ADC 8 Click is based on the ADS1115, an ultra-small, low-power, high-precision, 16-bit A/D converter from Texas Instruments. It is a delta-sigma converter with an integrated high-precision voltage reference, which can be programmed in several different steps. The maximum data rate of this ADC is 860 SPS; however, it features an excellent signal-to-noise ratio (SNR). The ADS1115 has two differential or four single-ended inputs. The internal multiplexer is used to select the active input. The input pins are routed to two input terminals on the edge of the Click board™, allowing it to be easily interfaced with the analog signal source. Besides the power supply and I2C interface pins, the ADS1115 has an additional ALERT/RDY pin to signal conversion data available on the output register. This pin can also be set to output an overvoltage event. An internal comparator module can detect if the

input signal exceeds the voltage reference level and report the overvoltage event at the ALERT/RDY pin. This pin is routed to the mikroBUS™ INT pin. Both I2C pins, along with the ALERT/RDY pin, are pulled to a HIGH logic level by the pull-up resistors. The conversion output is available over the I2C interface in 16-bit two’s complement LSB/MSB format. A positive input signal can have values from 0x0001 to 0x7FFF, while the negative input signal can have values from 0x0000 to 0x8000. The slave I2C address of the device can be selected by moving the SMD jumper labeled as ADDR. It allows four different I2C addresses to be selected, and thus, up to four different ADC 8 clicks can be used on a single I2C bus. The signal to Noise ratio (SNR) depends on the reference voltage and output data rate. Delta-sigma ADCs are based on the oversampling principle: the input signal is sampled at a

higher frequency and filtered and decimated until the output value is obtained at the requested output data rate. The ratio between the high sampling frequency (modulator) and the output data rate is called oversampling ratio (OSR). Increasing the OSR, less noise appears at the output since more values are included in the averaging process. As mentioned, the ADS1115 IC cannot use an external voltage reference. However, it has a high-precision internal reference with low drift over temperature.
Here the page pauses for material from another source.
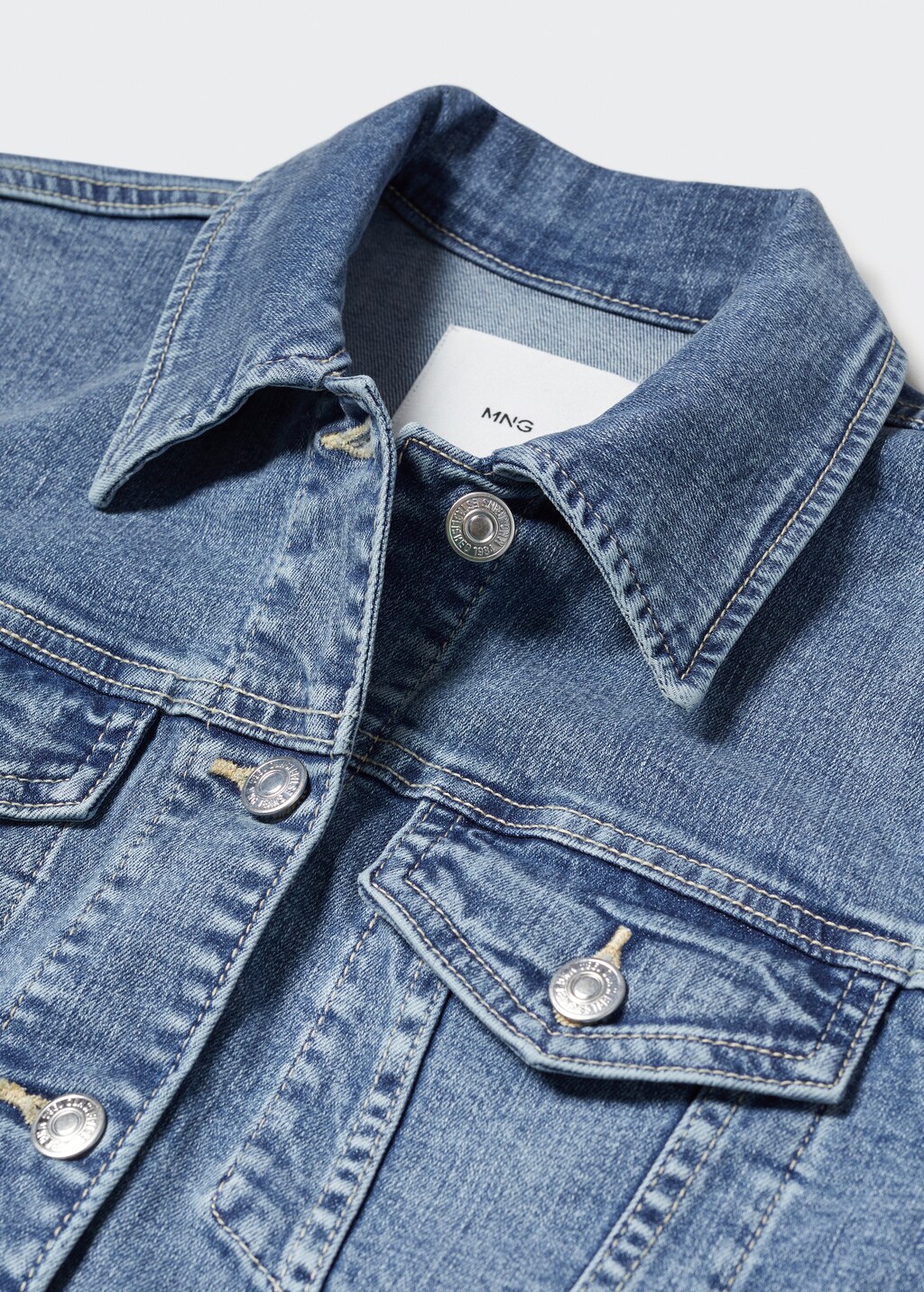 Pocketed denim jacket - Details of the article 8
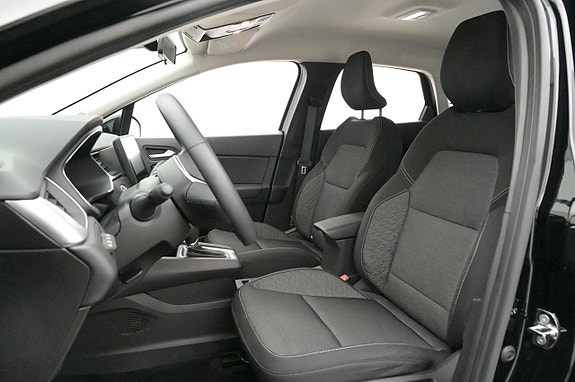 Renault Captur 10 of 27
It can be selected from several available values: ±0.256, ±0.512, ±1.024, ±2.048V, ±4.096, and ±6.144. Note, however, that the input signal should not be greater than VCC + 0.3V. In other words, it is not possible to use the 4.096V if the power supply source is 3.3V. ADC 8 click is equipped with the SMD jumper labeled as VCC SEL, which allows selection between 3.3V and 5V.

Features overview

Development board

Nucleo-64 with STM32F091RC MCU offers a cost-effective and adaptable platform for developers to explore new ideas and prototype their designs. This board harnesses the versatility of the STM32 microcontroller, enabling users to select the optimal balance of performance and power consumption for their projects. It accommodates the STM32 microcontroller in the LQFP64 package and includes essential components such as a user LED, which doubles as an ARDUINO® signal, alongside user and reset push-buttons, and a 32.768kHz crystal oscillator for precise timing operations. Designed with expansion and flexibility in mind, the Nucleo-64 board features an ARDUINO® Uno V3 expansion connector and ST morpho extension pin

headers, granting complete access to the STM32's I/Os for comprehensive project integration. Power supply options are adaptable, supporting ST-LINK USB VBUS or external power sources, ensuring adaptability in various development environments. The board also has an on-board ST-LINK debugger/programmer with USB re-enumeration capability, simplifying the programming and debugging process. Moreover, the board is designed to simplify advanced development with its external SMPS for efficient Vcore logic supply, support for USB Device full speed or USB SNK/UFP full speed, and built-in cryptographic features, enhancing both the power efficiency and security of projects. Additional connectivity is

provided through dedicated connectors for external SMPS experimentation, a USB connector for the ST-LINK, and a MIPI® debug connector, expanding the possibilities for hardware interfacing and experimentation. Developers will find extensive support through comprehensive free software libraries and examples, courtesy of the STM32Cube MCU Package. This, combined with compatibility with a wide array of Integrated Development Environments (IDEs), including IAR Embedded Workbench®, MDK-ARM, and STM32CubeIDE, ensures a smooth and efficient development experience, allowing users to fully leverage the capabilities of the Nucleo-64 board in their projects.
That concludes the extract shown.